Chestnuts farm was converted to a baseball playground

By Kikki - Last updated: 火曜日, 10月 18, 2011 - Save & Share - Leave a Comment

[From Ohfunato City-my stricken home town]

– East Japan Great Earthquake & Tsunami Disaster-



In most stricken towns and cities, many school playgrounds and parks have been used as the sites of temporary houses for victim families, so children have no place for their activities.

A farmer in Ohfunato city provided his chestnuts farm for baseball ground. It is prepared for local boys’ baseball team, which is equipped with net fence and lighting supported by foreign contributions. The baseball team could finish second on October 9 at the rookies’ baseball tournament in Tohoku district. It is a baseball team named ‘Massaki Junior Baseball Sports Club’ under the Japan Junior Sports Club Association (JJSA) organized by 31 children from Massaki Elementary School.

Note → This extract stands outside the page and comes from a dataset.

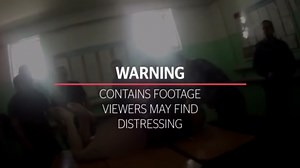 Leaked footage shows Russian prison torture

The Japan Junior Sports Clubs Association (JJSA) is the Japan’s largest youth sports group that was founded in 1962 by the Japan Sports Association (JASA). It was organized with the hope of “even just one more youth experiencing the joy of sports” and “an organization in society in which youth can cultivate their hearts, minds, and bodies through sports.” About 210,000 leaders and 880,000 members who love sports are registered in the Japan Junior Sports Club Association.

Although, after the disaster, they restarted training in the end of March, meanwhile construction of temporary houses was begun on their playground, and they were forced to stop training. The manager and other people concerned tried finding other substitute playground in their town but no possible one was found.

Mr. Katsutoshi Suzuki (71) offered his farm to the baseball team. His grandson, Keisuke belongs to the baseball team. Nearly 3,300 square meters of his chestnuts farm was flooded by the tsunami, so he decided providing it to local children. Actually, the playground was ready to use in August because the Agricultural Land Act requires complicated procedures for diversion. At the beginning, no lighting had been equipped, so their training was limited in day time. Contributions were sent from USA and France through local members of Rotary Club. Now they can play baseball even at night.

 ‘Now, we have a nice playground here. We would like to make our team stronger through hard training.’ Mr. Keita Sato (12), the captain of the baseball team, said in smile.